• _Excerpts from a dataset_
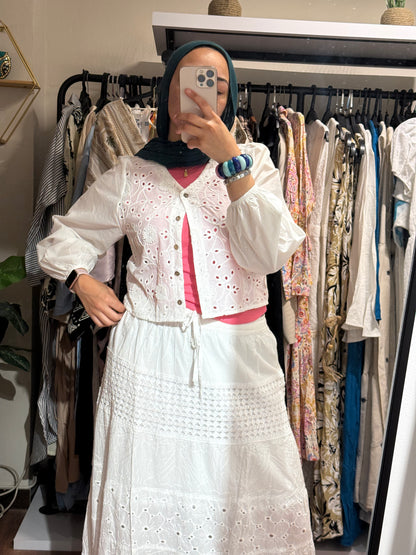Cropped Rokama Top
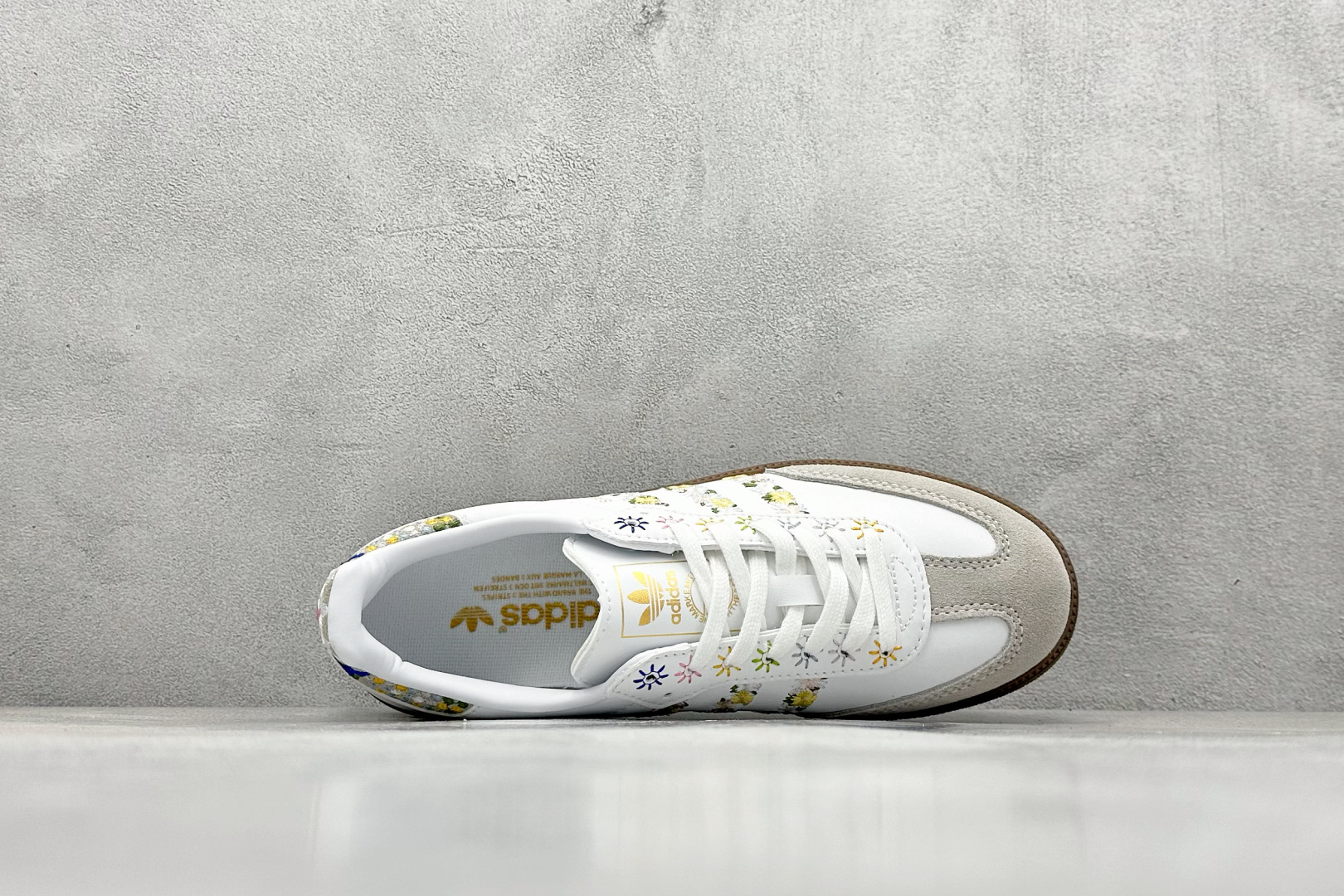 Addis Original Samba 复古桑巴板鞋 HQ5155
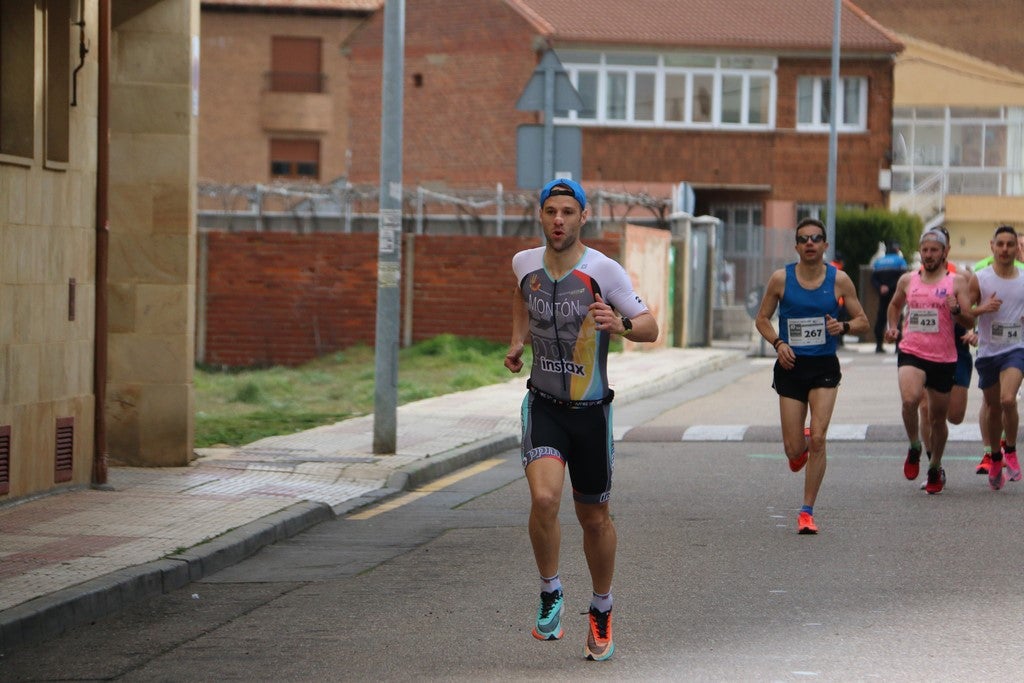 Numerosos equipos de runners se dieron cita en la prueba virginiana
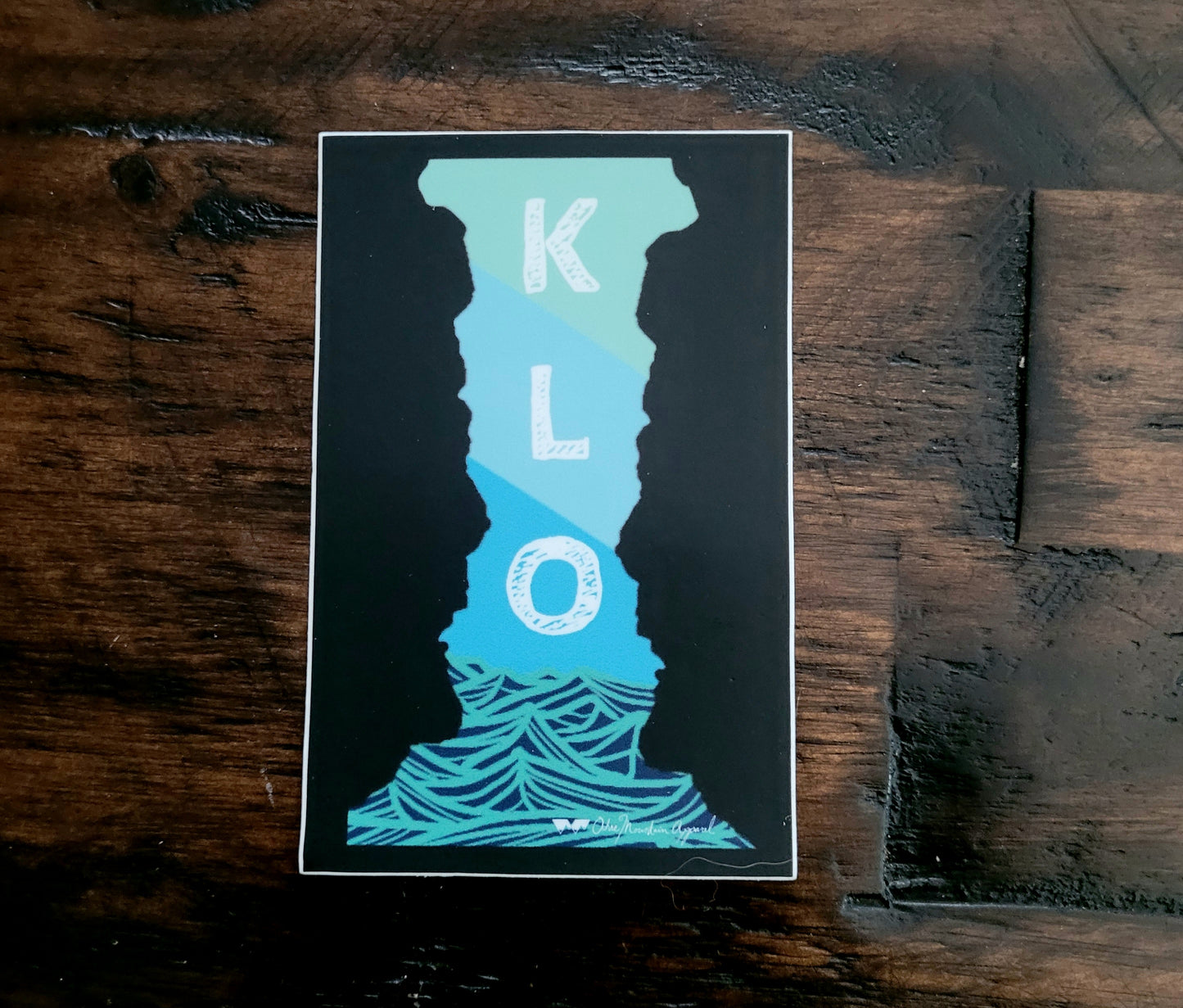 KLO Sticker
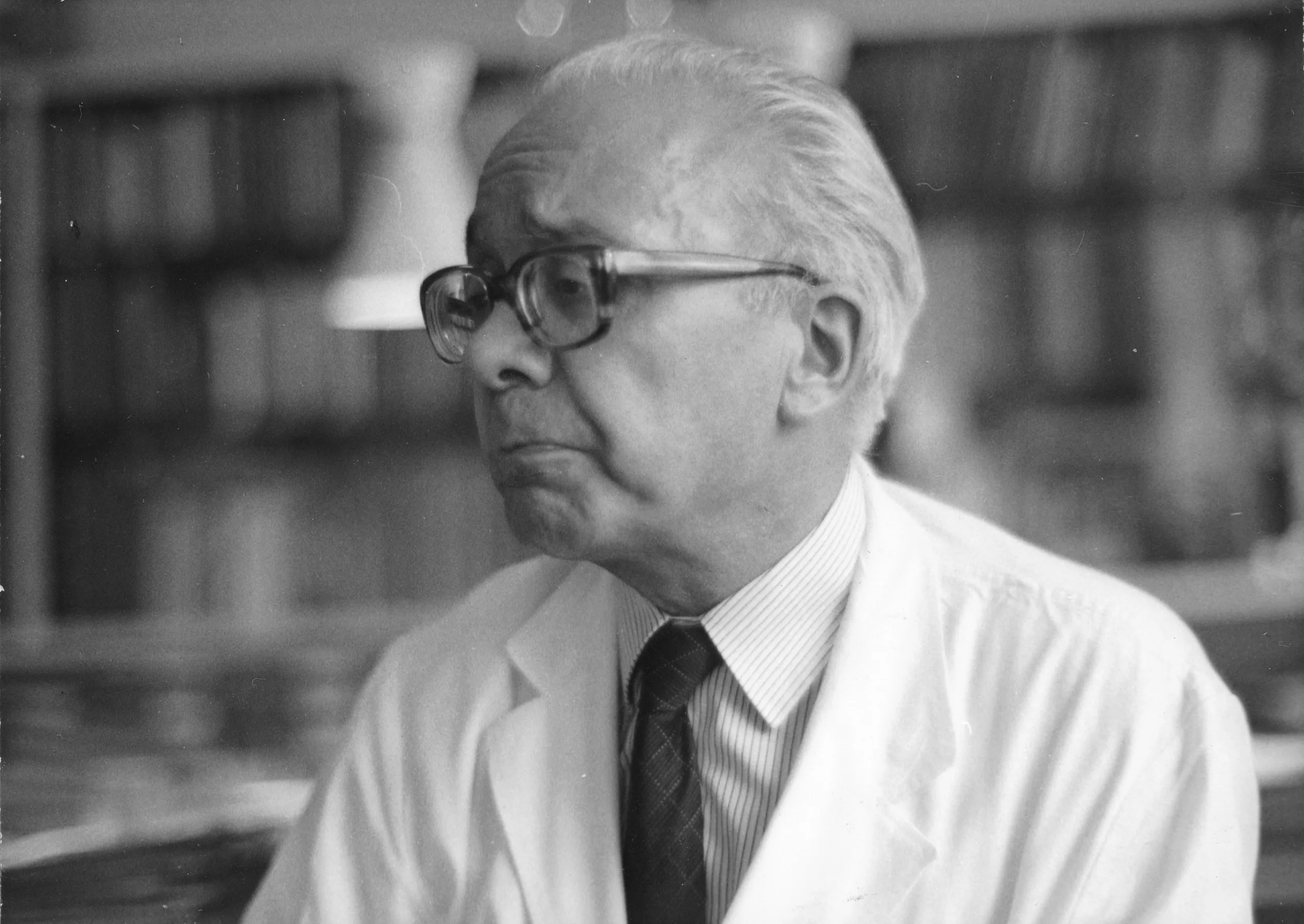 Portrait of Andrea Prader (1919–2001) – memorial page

• _Task directions_
From the line containing "Numerosos equipos de" to the last line of the entries, copy every line exactly, including both ends, and leave out the pictures.

• _Response to the exercise_
 Numerosos equipos de runners se dieron cita en la prueba virginiana
 KLO Sticker
 Portrait of Andrea Prader (1919–2001) – memorial page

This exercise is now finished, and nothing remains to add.